And if you're paperless, it would be hard to think of a more efficient way of making the perfect-sized USB stick keychain for precisely your amount of USB sticks.
Please do not slander paperclips; we need a paperclip maximizer for the good of society, and little would be a better short-term goal for AI research.
> Do you know if they consider quality of employment in there as well?
Only around the property of income, seeking a state of stagnation. If your boss is now whipping you to keep you in line where he previously wasn't, that would be beyond their purview. There are supposed to be other organizations to control for those concerns.
> if they consider quality of employment in there as well?
I think it's of sufficient quality (for the fed) if that employment leads to state coffers being sufficiently filled, without the wheels coming off the bus during their tenure or their immediate successor's tenure.
As you said - needing/having three jobs isn't really legible to the people at the Fed, so there's no visible problem!
The historical raison d'etre for the Federal Reserve act was principally point 3. Points 1 and 2 have become the central focus or modern Fed "mandate" and generally thought to be beneficent outcomes of a successful #3, besides.
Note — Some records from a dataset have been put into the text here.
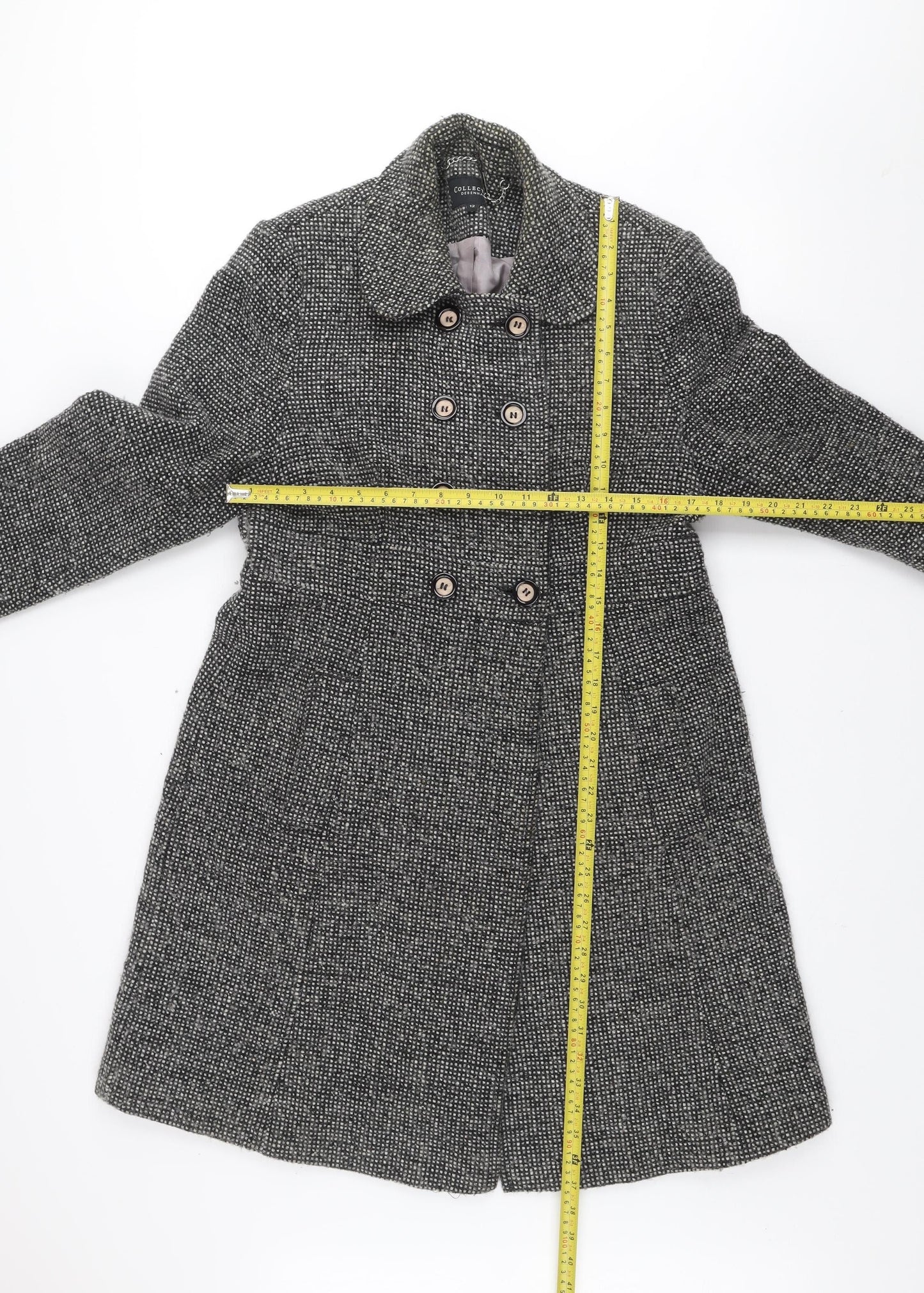 Womens UK Size 12 Debenhams Grey Overcoat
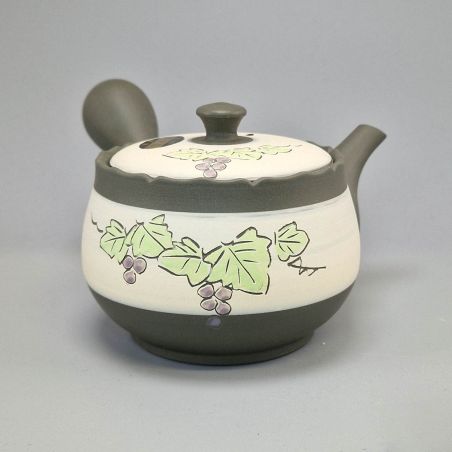 Japanese Teapot Tokoname 340cc - Green - Hyotan - Vine & Grape Pattern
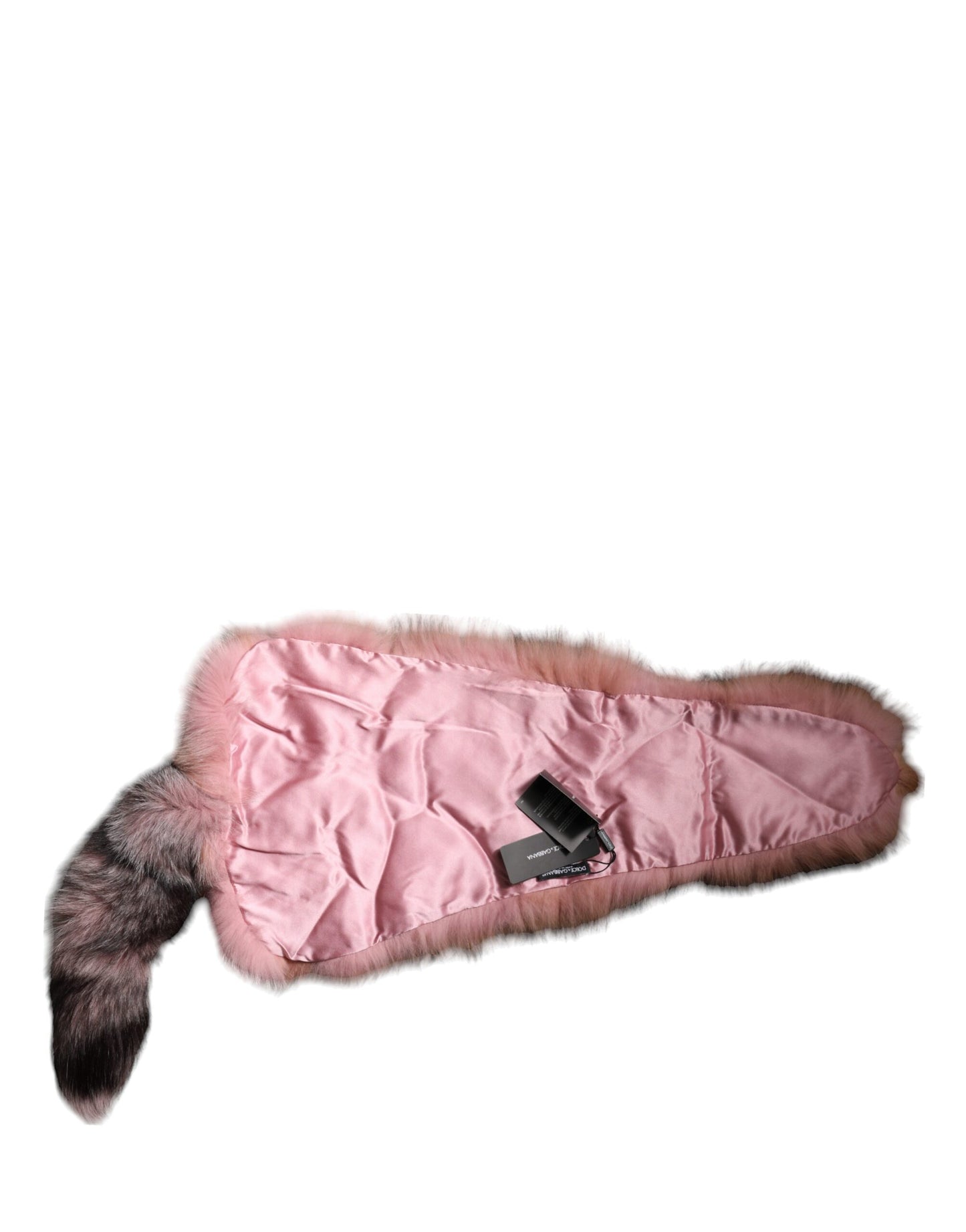 Dolce &amp; Gabbana Pink Frost Fox Fur Scaldacollo Sciarpa Invernale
If the Fed inflicts too painful of a recession it fails at points 1 and 2, as well.
This is a great article. Lyn goes in depth, and does a pretty good job of explaining something that's fairly intricate.
In short, the Fed pays its profit to the Treasury department by law. When the Fed is making a loss instead of a profit, then things start to get weird, and all sorts of problems can arise. One side effect in an increase in the federal deficit on the order of $100 billion per year.
Complaining about the abborant behaviors of individuals belies the actual problem. Even if the FED were all on their "best behavior" we'd still be in a very bad position from the weird mixing of business and government.
I mean, not using bills isn't really a practical solution. Legally dissolving the Fed or making a committee with only the instruction to print money would be better.
> However, the chart is flawed because it changes its calculation method mid-chart once it turns negative. The smaller positive numbers show how much the Fed was sending every week (around $2 billion on average) but when it turns negative, it switches to a cumulative calculation and thus falls off like a cliff.
i agree its crazy but i thought tfa did a good job explaining why the original chart ended up looking the way it did. regime change in a dataset can expose bad assumptions about relationships between balance sheet items you thought could be summed, etc.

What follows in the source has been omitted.